The world was undergoing seismic changes in the 1960s, as was international cinema, as various “new waves” challenged outmoded filmic languages and oppressive moral orders, and “auteur theory” claimed cinema as a way for individual directors to express how they saw—and felt—an unstable world. Hollywood, however, kept betting on expensive musicals and grand visual spectacle detached from younger generations’ cultural, social, and political moods.
Paramount Pictures’ 1967 hiring of Robert Evans, a 36-year-old former actor, as its head of production signaled that the Hollywood studios were finally filling their ranks with new blood. The massive success of Francis Ford Coppola’s The Godfather helped Evans turn Paramount’s failing fortunes around, positioning the studio as a gateway for some of the most mature, risk-taking films of the 1970s—and opening up US mainstream cinema to depictions of collective fears fed by ethical crises and political disasters at home and abroad. For a few years, studios shifted from escapism toward painful reflections of how things could—and would—go wrong, filling screens with antiheroes, failed relationships, and a social contract threatened by well-earned mistrust in traditional institutions.

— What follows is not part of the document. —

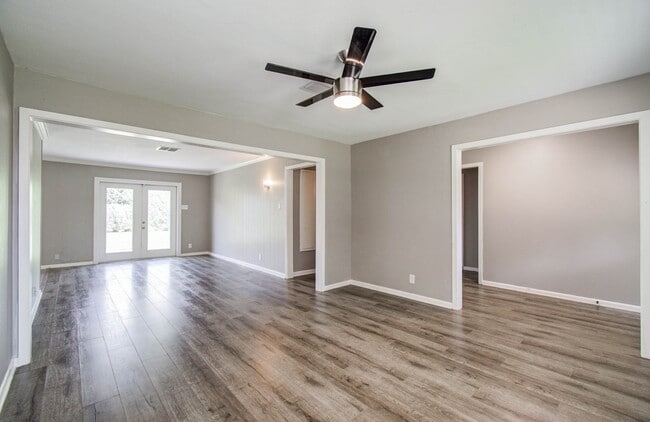 Building Photo - 9410 Highmeadow Dr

Before it ceded ground amid the late-1970s rise of the blockbuster, this “New Hollywood” offered mainstream audiences adventurous, often controversial visions tinged with violence, paranoia, and self-reflection—and Paramount Pictures was at the vanguard of this brief but pivotal moment. Paramount in the 1970s brings together a selection of 25 classic and lesser-known titles that were produced or distributed by the studio during this era, from Coppola’s first two Godfather films to government-conspiracy thrillers like Three Days of the Condor and The Parallax View to rarely screened gems like Richard Fleischer’s controversial Mandingo, Gordon Parks’s music biopic Leadbelly, and the documentary The Secret Life of Plants. Several films in the series are being presented in new restorations.